Monday, November 12, 2007

Diplomacy

We get a fair number of diplomats here at the hotel, mostly from the 3rd world, and particularly African countries. I've already told you about the Burkina Fasan smooves, but we also get a lot of business from Gabon, Angola, and Rwanda. We also host a sizable number of Mongolians, because a decent percentage of the population of Mongolia works at this hotel.

This week, some Center for Kids Who Can't Read Good, the Friedrich-Ebert Foundation, is sponsoring a conference to end global bad things, and they're putting up a number of the delegates right here in the cozy confines of the Hotel Idiotica. I'm really excited because it'll really give me a chance to show everyone that I should really be running State or Defense in this country, not stuck behind the desk of some roach motel for snaggletooth retards. And there's nothing I love more than an opportunity to prove myself.

Things started off well when a pair of Kenyans checked in early in the morning. One of them was a tall, thin, quiet man with a very small head, and the other was shorter with glasses and spoke seriously but with a glimmer in his eye. As I was helping them with their luggage, I asked them where they were from.
"Kenya, in East Africa," the shorter one said.
"I know where Kenya is," I responded, a little too smartly, and then I just sort of blurted out all the things I knew of Kenya. Mau Mau. Kikuyu. Great Rift Valley. Lake Victoria. Kenyatta. Mind you, I wasn't talking about these things, I was just listing the things I knew existed in Kenya. I closed by asking if they were from Nairobi.

This didn't exactly rub them the right way, but I made up for it by letting the short one use my cell-phone and asking them about the conference. It seemed to be about how the United Nations can be more effective in smaller, poorer countries, and how those countries can be more of an influence on the UN. That night, they seemed genuinely excited to see me again.

By midnight, only one delegate hadn't yet checked in. She finally arrives an hour later, with her mother, and she is beautiful. She's probably just this side of thirty, and the physical lines of adulthood are just starting to form on her face, but she carries herself easily and her eyes are full of humor. She seems really glad and relieved to be here, and she has a wide and relaxed smile and we banter a little bit, and, wow, is it just me or is she laughing a lot, and being reeeaally friendly? Also, she's Spanish, so she has the sexiest accent in the world.
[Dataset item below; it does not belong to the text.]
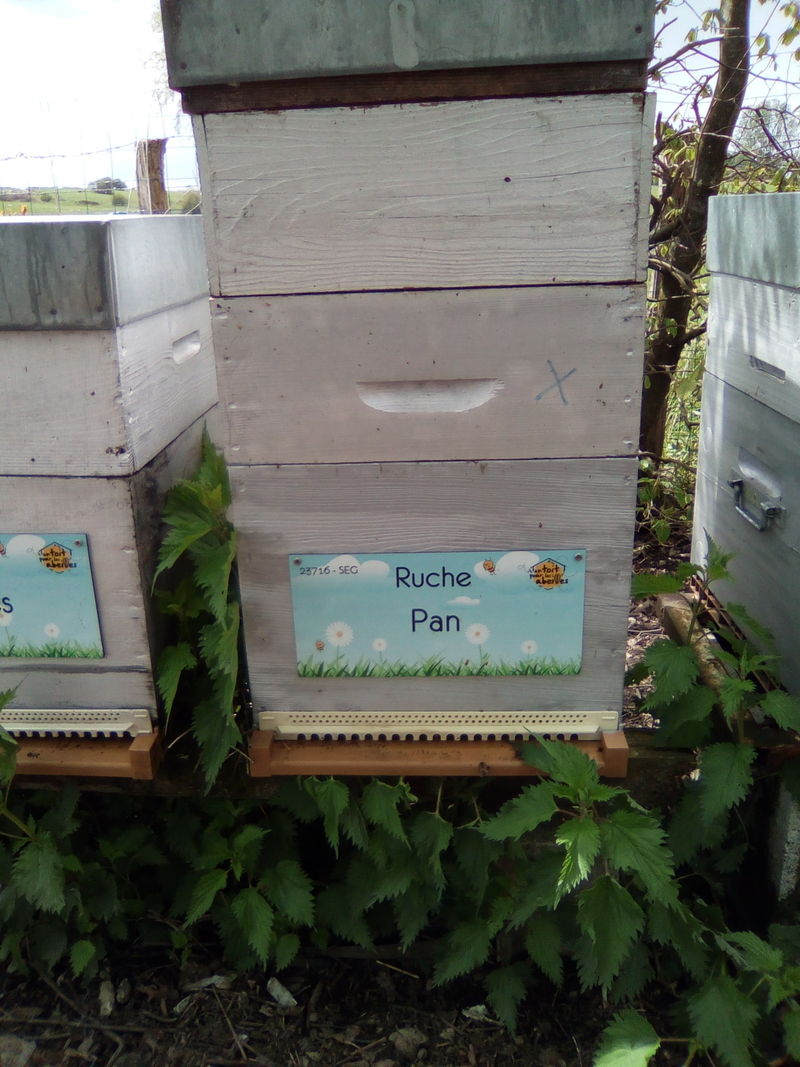 La ruche Pan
I ask her about the conference. "You guys have a lot of work to do. The world has a lot of problems," I say ruefully, shaking my head with mock resign. I am using my pan-Hispanic accent.

She laughs, a wonderful laugh, then says something about the goodness of the wave of left-wing governments in Latin America (although Chavez is a bit much). I throw something out there about Bolivia (seriously, I just sort of waggle my head and say "Bolivia") and then play the only other plotline I've mined from the papers about South America: "How 'bout those lady Presidents?"

She finally goes up to her room (of course it hasn't really been very long), but only a few minutes pass before she comes back down. I don't think I'm exaggerating in describing her movement from the elevator to the front desk as a sort of "slinking."

"Hello, again," she says, laughing, "We are having some difficulties with our door."

The ride up in the elevator. How does one act widely read, wry, and sexy all at the same time?

When we arrive at her room the door is already open. The possible implications of this don't strike me at the time. And sure enough, her mother peeks out from behind the door.

"Will we have these problems with the door the whole time?" wonders the diplomatrix.

"Here let me show you some tips," I say. I insert the key into the lock and cup the knob (I know, I can't believe that sentence either). "You have to have that special touch." I look up at her and smile shyly as I jiggle the knob (look, that's what you do with doorknobs). "You have to be gentle with it, treat it like a work of art." ''

After I wish her a heartfelt good night, it's not until I'm halfway to the elevator that I realize what I wanted to say: "You have to treat it like a beautiful woman." I wonder if she would be glad I didn't say that. Probably so, since her old mother was standing just a few feet away.

So perhaps my diplomatic skills aren't best suited to the quotidian humdrum of policy analysis. I think a general ambassador for global good will might be more appropriate. Hopefully I'll be able to discuss it with the diplomat next weekend, when her stupid Mom will be gone!